Semiconductors, on the other hand, show low absorption and reflectance in infrared range and increases drastically at the bandgap and increases further in the ultraviolet region.

Direct optical transitions for bulk and nanomaterials are shown in fig. 5.38. Absorption edge of nanomaterials denotes trailing effect as compared to bulk due to variation in density of states, surface restructuring and a random distribution of impurities.

Applications Based on Photo process

There are some fascinating applications of the optical properties of nanomaterials in the areas of optical detectors, lasers, sensors, imaging, phosphors, displays, solar cells, photocatalysis, photoelectrochemistry, and biomedicine.

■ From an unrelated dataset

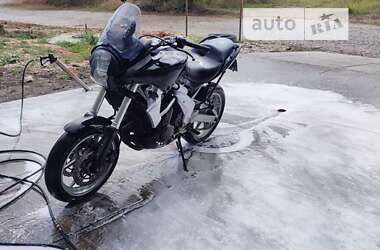 Мотоцикл Многоцелевой (All-round) Kawasaki Versys 650 2008 в Гостомеле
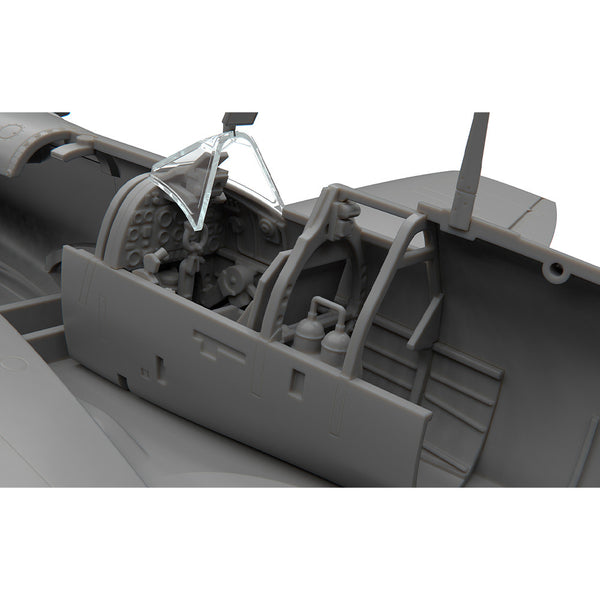 Airfix 1:48 WW2 RAF Supermarine Spitfire Mk.IXe NEW TOOLING (Due May 2025)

Some of these applications are listed as follows.

1. Suitable for optoelectronic materials such as switches, amplifiers, gratings, splitters, isolators, lasers, and detectors

2. Widely used in polymers to increase their refractive index, which makes them suitable as optical components

3. Useful in preparing abrasion-resistant coatings whose optical clarity can be enhanced

4. Nanoparticles in castings improve shielding against electromagnetic fields in computers

5. LCDs and organic LEDs developed using nanomaterials show better resolution of images.